* **EXERCISE DIRECTIONS**: Copy exactly the lines from the one containing "270-LS13.5 Just Right" through the last line of the records below, including both, and leave out any pictures.

##########

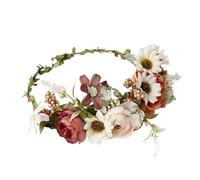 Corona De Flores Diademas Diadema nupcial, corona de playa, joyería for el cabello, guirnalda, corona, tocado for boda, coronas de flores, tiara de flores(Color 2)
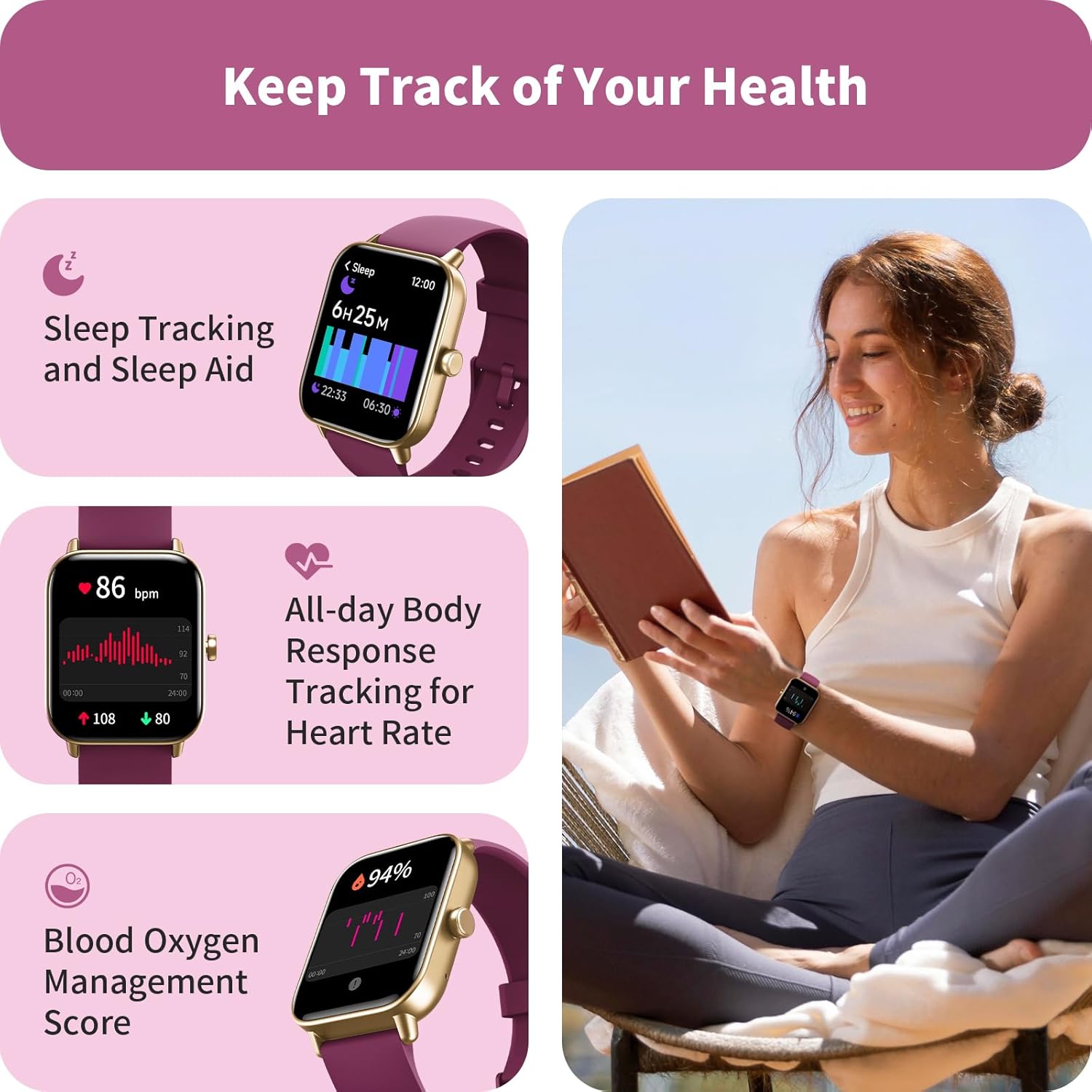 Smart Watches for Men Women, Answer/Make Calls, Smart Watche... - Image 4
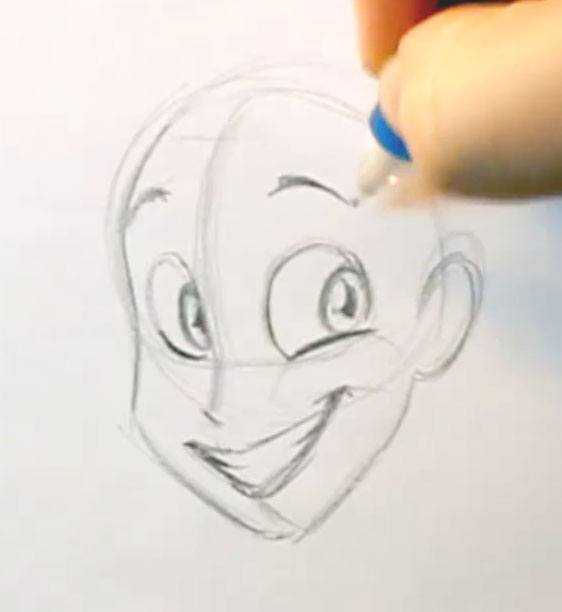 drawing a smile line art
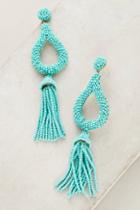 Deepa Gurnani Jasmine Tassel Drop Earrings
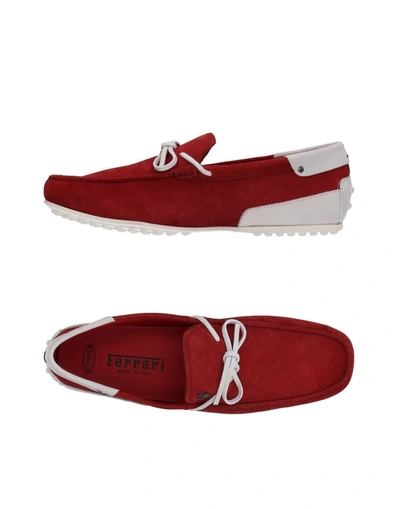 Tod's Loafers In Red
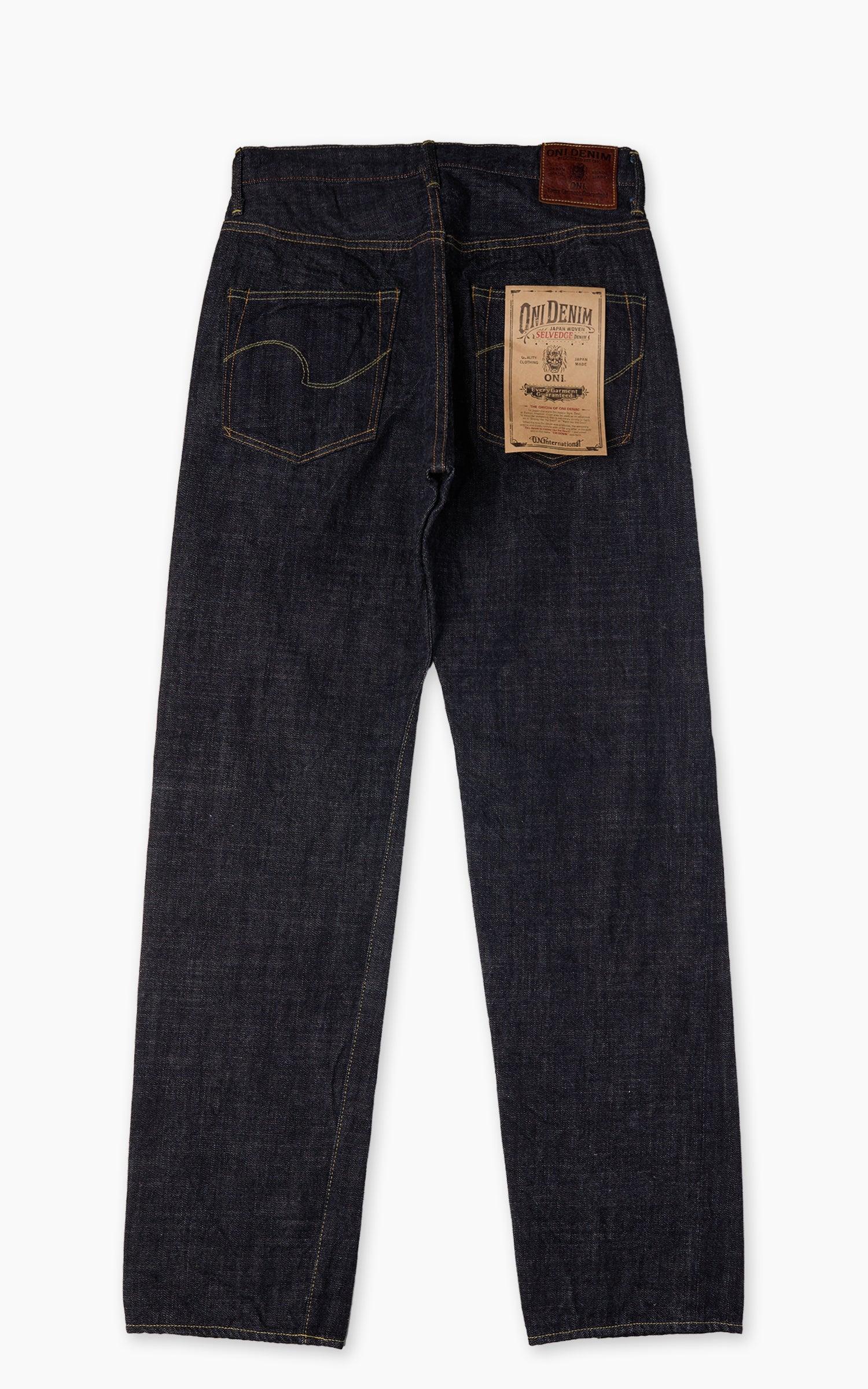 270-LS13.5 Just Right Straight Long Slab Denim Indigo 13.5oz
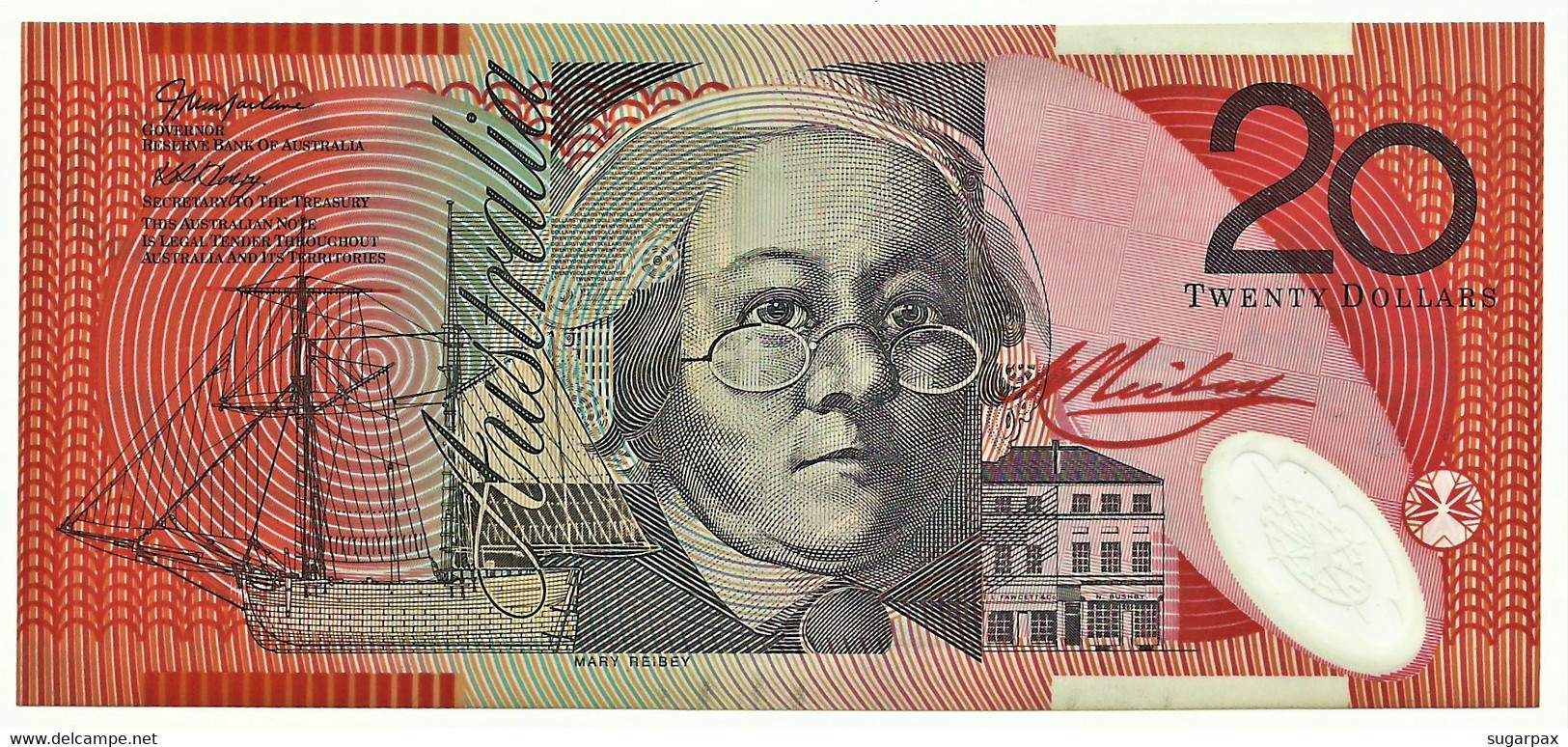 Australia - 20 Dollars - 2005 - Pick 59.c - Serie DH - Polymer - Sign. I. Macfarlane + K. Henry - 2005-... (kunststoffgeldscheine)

##########

* **TASK RESPONSE**:
 270-LS13.5 Just Right Straight Long Slab Denim Indigo 13.5oz
 Australia - 20 Dollars - 2005 - Pick 59.c - Serie DH - Polymer - Sign. I. Macfarlane + K. Henry - 2005-... (kunststoffgeldscheine)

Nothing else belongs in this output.